フィードバック

礼節のある人がもつ心得の4つ目は「フィードバック上手になる」です。フィードバックというのはたとえば「個々の社員の仕事ぶりについて、他の社員が評価をし、その評価をみんなで共有する」など、評価を全員で共有するということです。会社の状況を社員に正しく伝えていれば、社員は自分のことを価値ある存在だと感じるのです。そして、今、何が最も優先されるのか、最も重要な目的は何かといったことが誰にでもすぐに見てわかるようにするといったことです。また、フィードバックは経営者から現場に向かうものがすべてではありません。働いている人同士が互いの仕事ぶりについてフィードバックすることも大切なのです。

 

高い業績を上げているチームは平均的な業績のチームの実に6倍も肯定的なフィードバックをしているというデータがあります。また、一人一人の社員が何か良い成績を上げたことに気づけば、それを細かく指摘していくことも重要なのです。そうすることで、今の自分に自信を持つことができるし、これまでの努力を続ける気持ちにもなれるのです。自分自身が良い仕事をしている人ほど、周囲の人間のいい仕事ぶりに気づきやすいといった傾向もあります。ギャラップの調査では、マネージャーが部下の長所ばかりを指摘する企業では、全社員の67%が「自分は全力で仕事に打ち込んでいる」といっていたそうです。ところが、マネージャーが部下の短所ばかりを指摘する企業ではこの数字は31%にまで下がってしまったのです。いい仕事をすると褒められ、褒められるからまた努力をし、成果を上げていくという「ポジティブ・フィードバック」を起こすには早く褒めることが大切だと言っています。そして、称賛されたことが相手にとって意味深い部分であればあるほど、その人の後の行動に与える影響は大きくなります。

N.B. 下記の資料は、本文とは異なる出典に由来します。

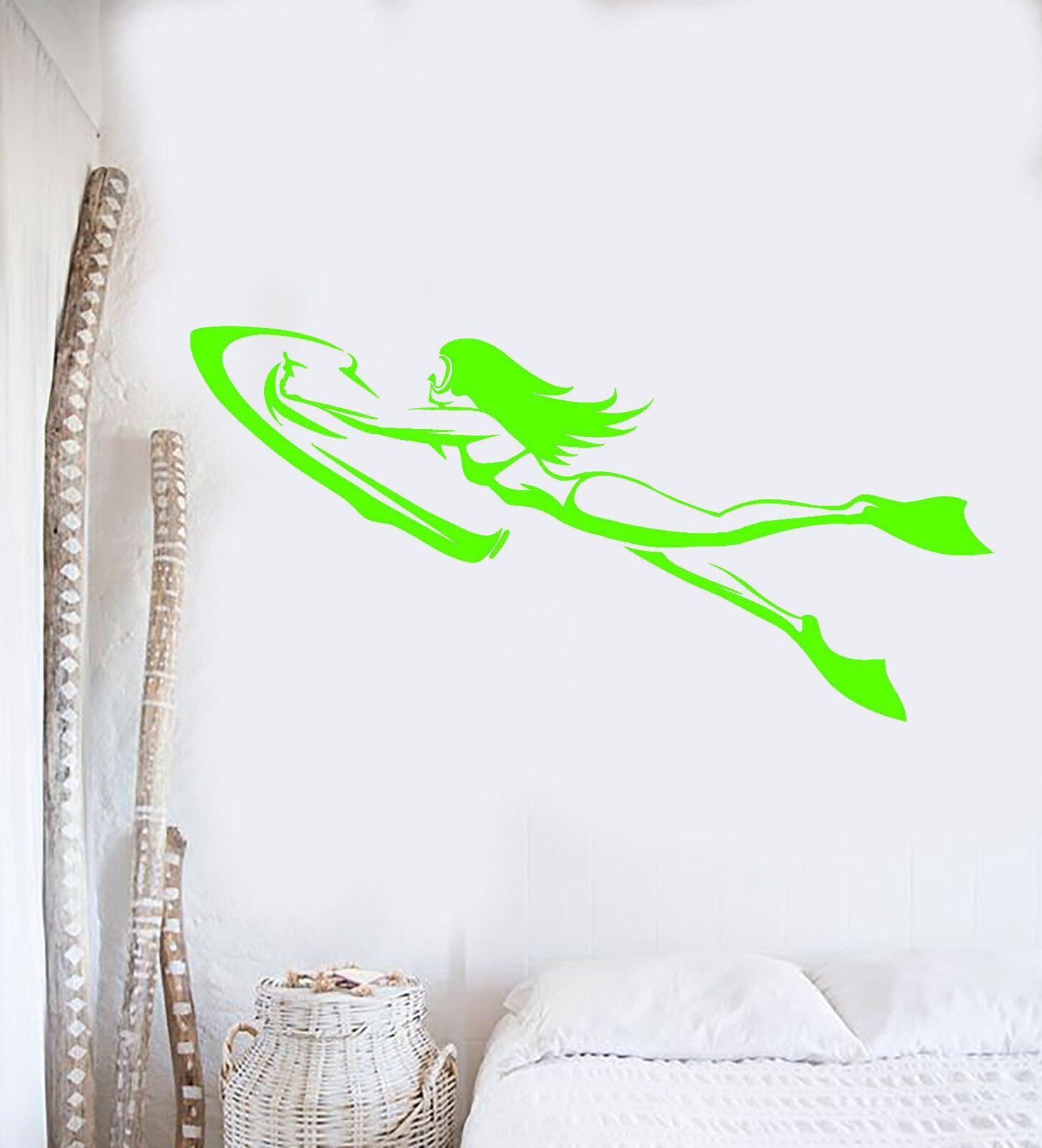 Vinyl Wall Decal Underwater Scooter Diving Girl In Swimsuit Stickers (1492ig)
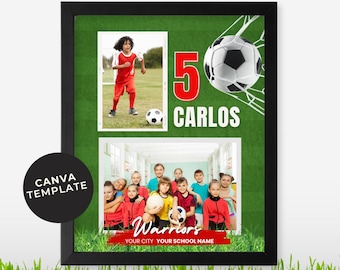 Benutzerdefinierte Fußball-Collage für Spieler oder Trainer Bearbeitbare 8x10-Fotocollage, digitales Canva-Bilderrahmen-Andenken für Familien und Teams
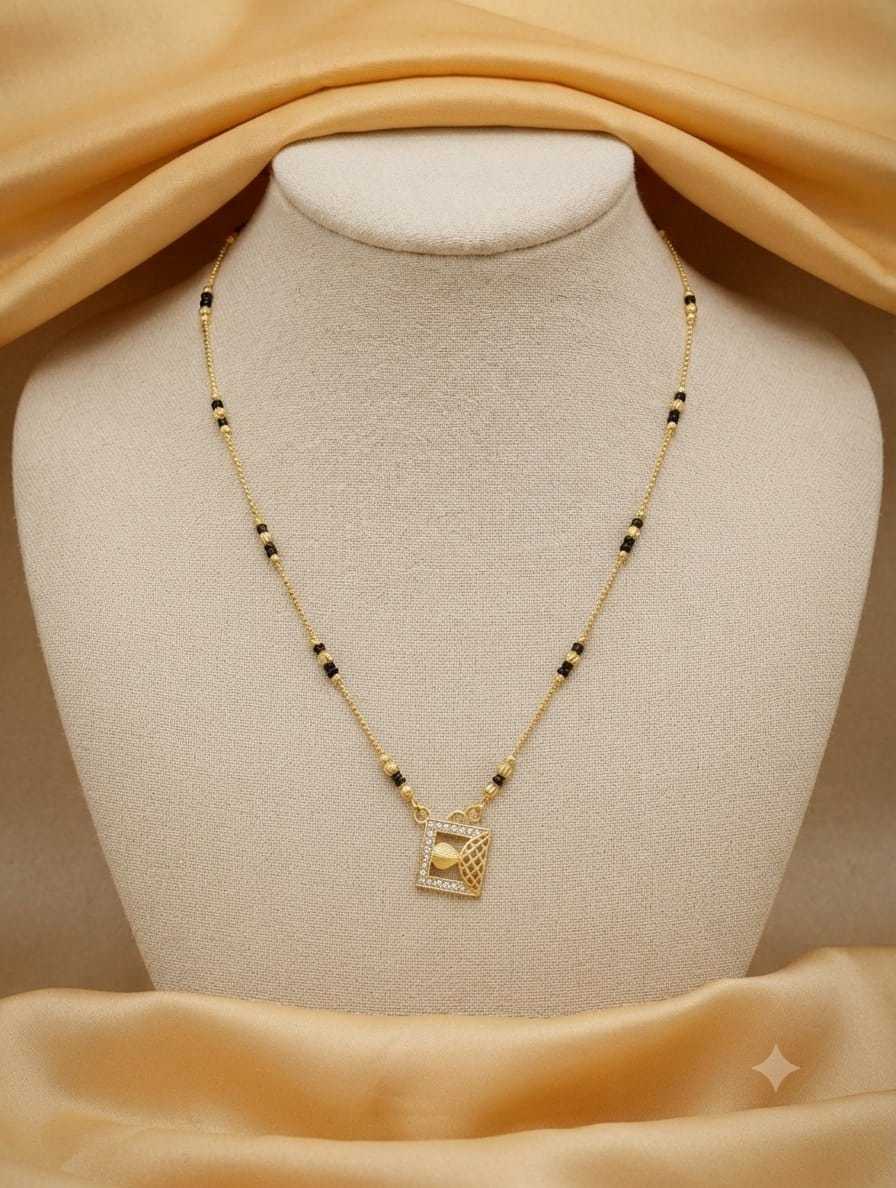 Short Mangalsutra with Heart, Lotus & Geometric AD Pendants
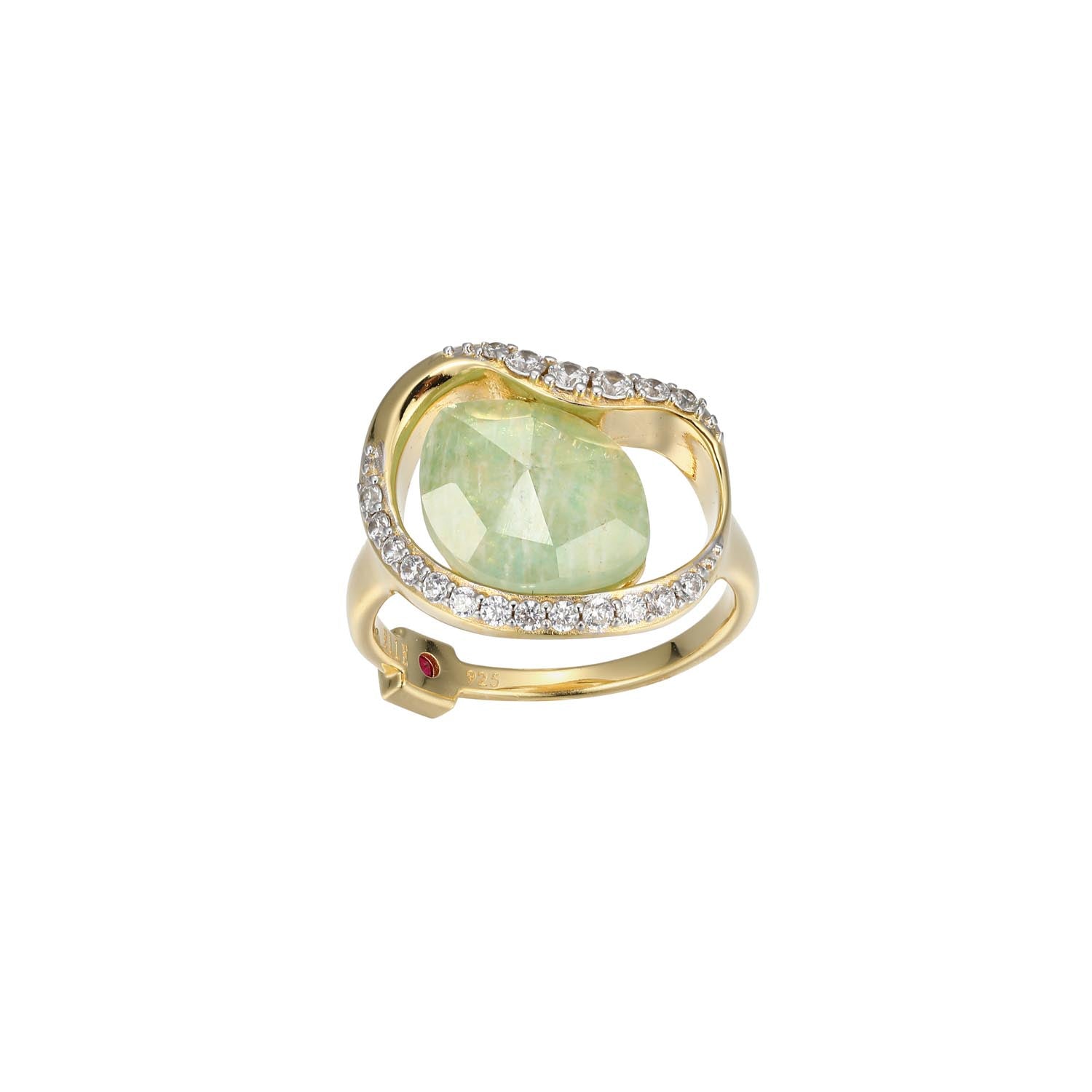 Sterling Silver "Treasure" Yellow Gold And Rhodium Plated Doublet, Genuine White Crystal, And Amazonite With Clear Cubic Zirconia Ring - Size 6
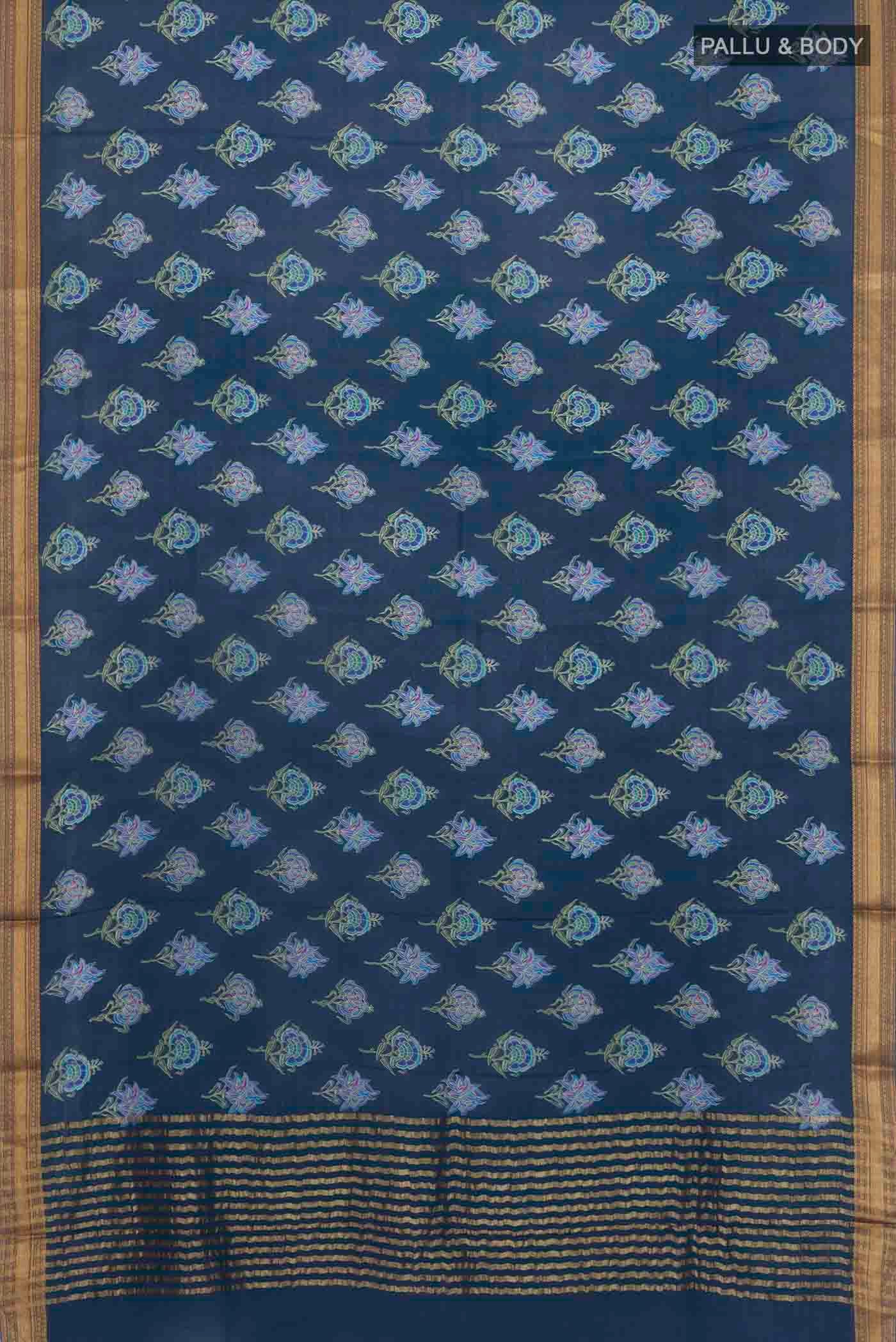 Flat view of Blue Crepe Saree with Printed design on the body and Zari Border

否定的なフィードバックは避けられませんが、大切なのは肯定と否定どちらか一方だけがいいわけではなく、両方を組み合わせることが必要なのです。

 

そのうえで大切なことは、チームのメンバーに何をしてほしいか。そして、何を続けてほしいかを明確にしておくことです。各人がすべきことは何で、またそれをするよう促すのにどうすればいいかを把握する。把握できれば、その情報をみんなで共有することが求められます。フィードバックが真に価値あるものであれば、工夫次第でそれをさらに強力で効果的なものにすることできます。そのため、まず大事になってくるのが、受ける側になる人を良く知ることです。フィードバックを受けたとき、相手がどういう感情になるのかを理解しなくてはいけないのです。そして、フィードバックにどういう理由があるのかを受け手に十分に説明する必要があり、それは率直で正直でなくてはいけないとクリスティーン氏は言っています。フィードバックを与える際、重要なのは、常に未来に目を向けることです。最終的にはその人がこの先、前進するためにどうすればいいのかがわかるようにしなくてはいけないのです。

 

また、クリスティーン氏は「フィードバックの仕方は、ときにフィードバックの内容よりも重要な意味を持つ」といっています。たとえば、表情です。ある実験で悪い指摘を好意的なシグナル(笑顔、うなずき)で移した場合と肯定的な指摘を批判的なシグナル(顔をしかめる・目を細める)で示したのち、どちらが悪い感情を抱いたかという実験では、後者の肯定的な指摘を批判的なシグナルで受けたほうが相手に対して悪い感情を抱いたことが分かったのです。つまり、表情や伝え方によっていくら肯定的なフィードバックでも無駄になってしまったり、否定的なフィードバックでも受け入れやすくなったりするのです。

 

フィードバックというのはなかなかに伝えるのが難しいものです。相手に気づいてもらおうとこちら側が要求してばかりでは人の心は離れていってしまいます。いい仕事をしたときには相手を褒め認めなければ、新しい方向にポジティブには向かっていけません。そのために、相手を認めるということは相手の良いところを探さなくてはいけないのです。そして、相手の良いところをしっかりと伝えることも重要です。私は「褒める」ということは何も闇雲に褒めることではないと思っています。フィードバックは常に相手のためにあります。そして、相手が自信をつけることが大切です。そのためには相手を理解し、共感して話すことが重要なのでしょう。